Currently there are 142 homes listed as short sales in the Gainesville Florida area. They range in price from $69,000 all the way up to $649,900 for a 4500+ square foot executive pool home.
What is a short sale, and why should I care?
A short sale happens when a homeowner ends up owing more on the home than it is currently worth in today’s marketplace, and the lender is willing to take less than what the homeowner owes.
Why would a lender want to do a short sale?
Lenders want see here to do short sales because they will be able to collect more money that a homeowner owes on their loan than they would if the homeowner ends up going into foreclosure and/or bankruptcy.
Why is a short sale a good thing for sellers?
“Good” here is a relative term, because being in a short sale position is not a situation that would give any seller the warm fuzzies.
Knowing you can no longer afford your house, and knowing you will have to make other plans for your family while not knowing for sure what those plans will be is a stressful position for anybody to find themselves in.
But a short sale is “good news” for sellers, because if they are able to sell their home before the bank repossesses it, their credit is dinged for 2-3 years, as opposed to 7+ years in a foreclosure situation.
Why is a short sale a good thing for buyers?
Short sales are good for buyers because they can generally get a lot more house for their money. These properties are usually very competitively priced in order for the sellers to unload them before they end up in foreclosure. Although there are fewer short sale properties available in the Gainesville Florida market than in other parts of the country, there still are plenty to choose from.
How do I buy a short sale?
1 – Find a Realtor who has experience with short sales.
2 – Get pre-approved.
No short sale offer will be considered without a pre-approval or a proof of funds letter. If you have not yet been preapproved by a local lender and are not sure who to call, ask your Realtor, friends, family, and work colleagues who they would recommend.
3 – Be patient!
Once you submit an offer that is approved by the seller, the seller has to then submit your offer to their lender to see if the lender will accept the offer as well.
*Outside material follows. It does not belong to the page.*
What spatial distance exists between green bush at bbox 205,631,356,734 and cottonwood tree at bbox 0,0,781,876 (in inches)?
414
Remember, in a short sale situation the lender is agreeing to accept less than what the homeowner owes on the mortgage, and the lender is going to do whatever they can to minimize the amount of that loss to their bottom line.
It takes awhile to find out if lenders are willing to take the level of financial beating that is inherent in the amount you are offering. Sometimes the wait can be up to 60 days….sometimes more (though this is becoming less prevalent). Look at the frustrating wait time as the price you pay for getting the chance to get a home you might not otherwise be able to afford.